Now that we know the unique words and how many there are, it's time to vectorize each game's corpus. The following block of code will find the count of each unique word for each corpus and output it into a DataFrame. A row will correspond to a game's vector of word counts.

In [338]:
# Heads up, this block of code takes roughly 2-3 minutes to run!
counts_dict = {}
for word in unique_words.index:
    re_pat = fr'\b{word}\b'
    counts_dict[word] = game_data['fixed_corpus'].str.count(re_pat).astype(int).tolist()
    
counts_df = pd.DataFrame(counts_dict).set_index(game_data['Title'])
counts_df.head()

Unnamed: 0_level_0,game,n,like,games,one,de,adventure,time,really,que,...,ganon,chatgpt,pérola,satisfatória,ganondorf,auhuhahhhh,unfavourable,guilt,yooooo,helicopters
Title,Unnamed: 1_level_1,Unnamed: 2_level_1,Unnamed: 3_level_1,Unnamed: 4_level_1,Unnamed: 5_level_1,Unnamed: 6_level_1,Unnamed: 7_level_1,Unnamed: 8_level_1,Unnamed: 9_level_1,Unnamed: 10_level_1,Unnamed: 11_level_1,Unnamed: 12_level_1,Unnamed: 13_level_1,Unnamed: 14_level_1,Unnamed: 15_level_1,Unnamed: 16_level_1,Unnamed: 17_level_1,Unnamed: 18_level_1,Unnamed: 19_level_1,Unnamed: 20_level_1,Unnamed: 21_level_1
Elden Ring,6,2,0,2,2,0,1,4,0,0,...,0,0,0,0,0,0,0,0,0,0
Hades,4,0,4,1,1,1,1,1,3,3,...,0,0,0,0,0,0,0,0,0,0
The Legend of Zelda: Breath of the Wild,8,0,1,2,1,8,1,1,3,12,...,0,0,0,0,0,0,0,0,0,0
Undertale,5,0,0,0,1,0,1,0,1,2,...,0,0,0,0,0,0,0,0,0,0
Hollow Knight,9,12,3,3,2,0,2,2,1,1,...,0,0,0,0,0,0,0,0,0,0


## Step 3: Implement a Function to Compute Similarity

The similarity between the query and the item descriptions will be calculated using cosine similarity. The following block of code defines a function that calculates the cosine similarity between two vectors represented by one-dimensional NumPy arrays.

In [360]:
# Calculate the cosine similarity between two vectors using NumPy
def cosine_similarity(a, b):
    if np.linalg.norm(b) == 0: # In case the query doesn't have any of the significant words
        return np.dot(a, b) / np.linalg.norm(a)
    else:
        return np.dot(a, b) / (np.linalg.norm(a) * np.linalg.norm(b))
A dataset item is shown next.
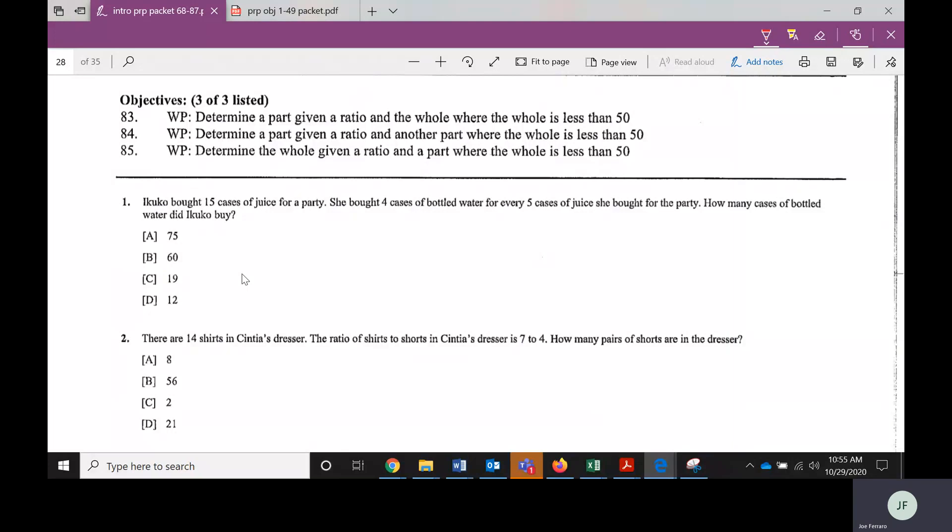We're not talking in the algebra ways where you've done that before — finding a missing part — but using what's called proportions. A proportion is just going to be setting two ratios equal to each other. These problems are going to give you some bits of information, and there's going to be something missing or something they're wondering about — what would the missing part be — and we're going to solve that.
## Step 4: Return the Top Matches

With the cosine similarity function implemented, we just need the user query so that we can output the top five video game recommendations. First, the function that will make the recommendations will be implemented.

In [361]:
def make_recommendations(query):
    # Reused code for vectorizing the corpuses, but this is for the user query
    query_word_counts_dict = {}
    for word in unique_words.index:
        re_pat = fr'\b{word}\b'
        query_word_counts_dict[word] = pd.Series([query]).str.count(re_pat).astype(int).tolist()
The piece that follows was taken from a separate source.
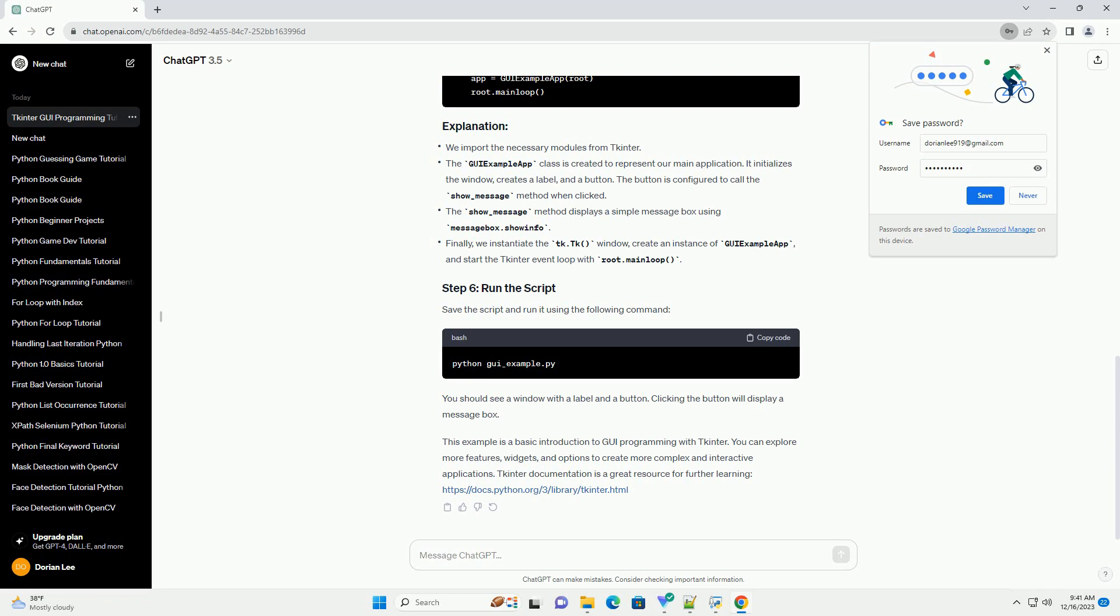Create a new Python script, for example, gui-example.py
    query_word_counts_df = pd.DataFrame(query_word_counts_dict)
    # query_word_counts_df

    # Stores all cosine similarity scores between the user query and each game
    cosine_similarity_dict = {} 

    # For each game's vectorized corpus, calculate the cosine similarity between it and the user query. Store the results into the dictionary defined above.
    for game in counts_df.index:
        cosine_similarity_dict[game] = cosine_similarity(np.array(counts_df.loc[game]), np.array(query_word_counts_df.iloc[0]))
    cosine_similarity_df = pd.DataFrame()
    cosine_similarity_df['cos_sim_scores'] = cosine_similarity_dict.values()
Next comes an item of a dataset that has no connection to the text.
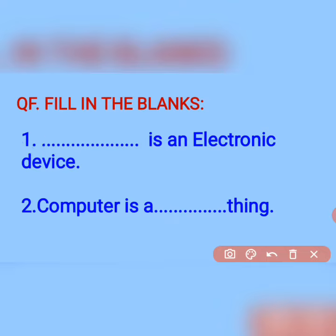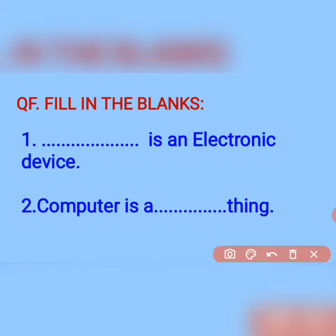The second blank: computer is a dash thing. The answer is computer is a non-living thing. Things that have no life are called non-living things. We know very well all electronic devices are non-living things, and since computer is an electronic device, computer is a non-living thing.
    # Turn the dictionary of C.S. scores into a DataFrame, returning the top five game recommendations
    cosine_similarity_df = cosine_similarity_df.set_index(pd.Series(cosine_similarity_dict.keys())).sort_values(by='cos_sim_scores', ascending=False)
    return list(cosine_similarity_df[:5].index)

Before running the cell below, be sure that ALL cells above this block have been run in order. The code block below will ask you to input a query. You can make other queries simply by rerunning the cell. After submitting the query, you will get a list of five game recommendations. Consider giving some of them a try!

In [363]:
query = input()
make_recommendations(query)

['Elden Ring',
 'Borderlands 2',
 'Bully',
 'Mario Party Superstars',
 'Rain World']

# Salary Expectation

When I found the job posting, I saw that the hourly rate would be $20-$30 per hour for 20 hours a week. Therefore, I would expect the monthly salary to be around $1,600-$2,400.